In his letter to the Church Missionary Society he says--"It is impossible that I can write to you after my visit without paying at least a passing tribute to the valuable labours of those faithful men whom the Society has employed in the field of its extensive operations. And the opportunity which was afforded me of contrasting the condition of the Indians who [57/58] are under their training and direction with that of the unhappy Indians with whom I came in contact upon the route, signally enabled me to appreciate the blessings of which the Society is the instrument, and did indeed yield a beautiful testimony to the power and reality of the Gospel of Christ." The report of the Bishop on the needs of the North-west led before long to the formation of the Diocese of Rupert's Land, and the appointment of Bishop Anderson. That one Diocese has since been divided into eleven, all but one of which is now ruled over by a bishop.

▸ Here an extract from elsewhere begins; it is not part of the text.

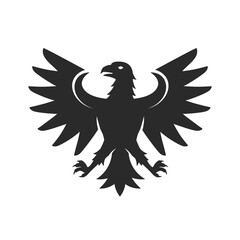 Hawk logo. Eagle silhouette for Coat of Arms. Heraldic symbol. Falcon crest logo. Vector illustration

Shortly after his return, the Bishop visited Gaspe, 450 miles below Quebec. He concludes his account of this visitation by saying--"We go over a great deal of space to effect things which at present are upon a very humble scale. I have just travelled 228 miles to visit one little insulated congregation. The Diocese consists of scattered, often feeble, congregations, enjoying but scanty and imperfect provision in religion; with churches standing unfurnished for years together, and sometimes with no churches at all; with poor missionaries enduring hardships as good soldiers of Jesus Christ, yet labouring for a few here and a few there, so that all looks in some eyes unimportant, Priests and people alike of destiny obscure. But are they not highly regarded, the very objects for Christian sympathy and help? For myself, I cannot but view it as a privilege, for which the deepest thankfulness is due, that I have been permitted, with whatever feeble ability, to follow up the work of my beloved predecessors, and to go on enlarging on their plan from year to year, in such a field."

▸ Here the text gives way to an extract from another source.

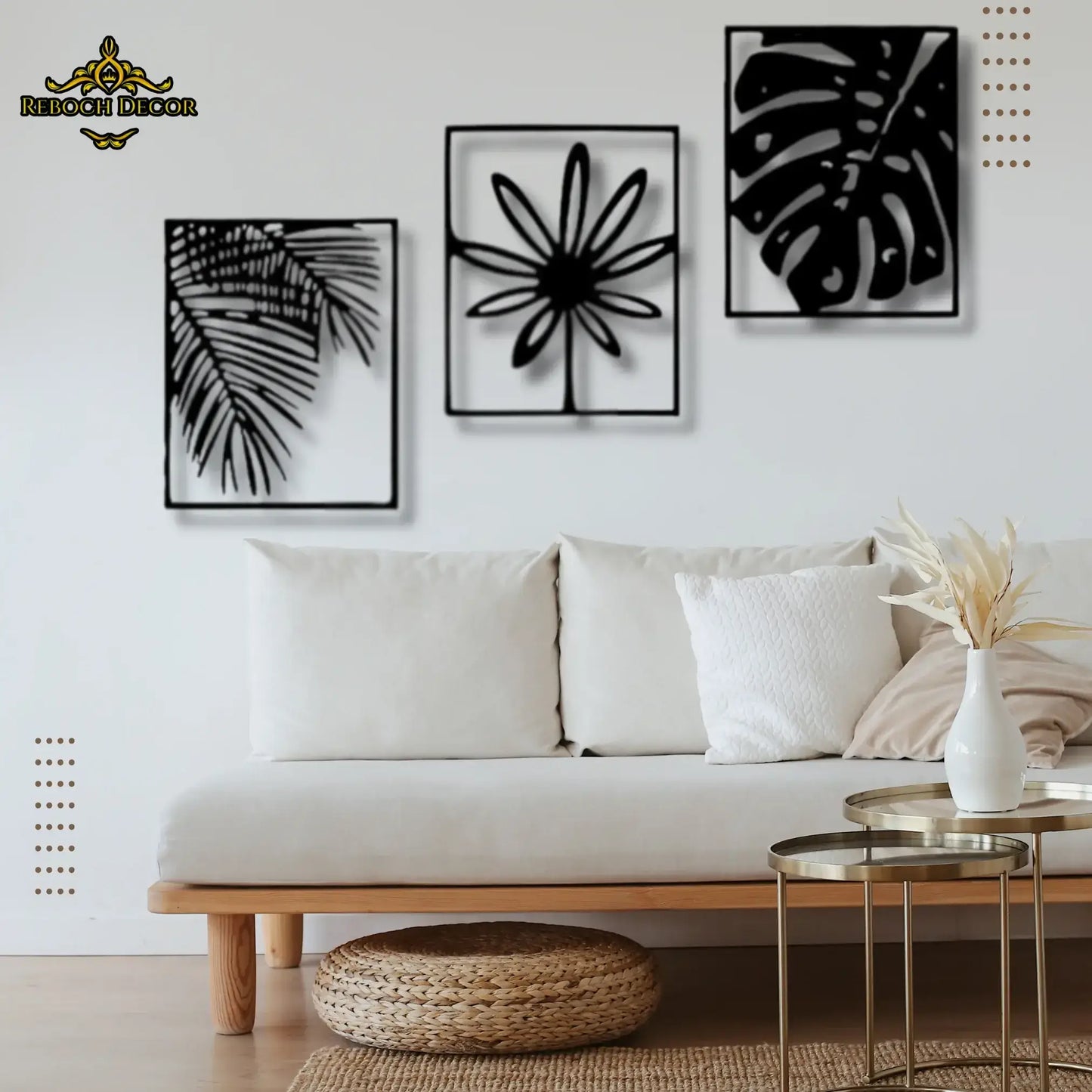Set of 3 Beautiful Palm Leaves Wall Decor - REBOCH DECOR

To the earnest and untiring efforts of Bishop Mountain the University of Bishop's College owes its [58/59] existence, and may justly be considered the great achievement of his life. The College was designed first to provide all necessary appliances for the education of the ministry of the Church of England in the Province of Quebec, and secondly to offer to the country at large the blessing of a sound and liberal education based upon religious principles. The village of Lennoxville in the Eastern Townships was selected as its site on the ground of its central position in reference to the English-speaking population of the Province. The College has grown from small be ginnings to be a large and influential institution, with various Faculties and a substantial endowment. It has also built up, side by side with the University, a public school after the model of the great public schools of England, which has done and is doing noble work for the education of the youth of the country. The College was founded in 1845, and erected into a University by Royal Charter in 1852. The Bishop himself and his family contributed largely to the endowment, as did also the S. P. G. and S. P. C. K. The two Societies have always shown a warm interest in the welfare of the College, and largely aid in the maintenance of candidates for Holy Orders in it.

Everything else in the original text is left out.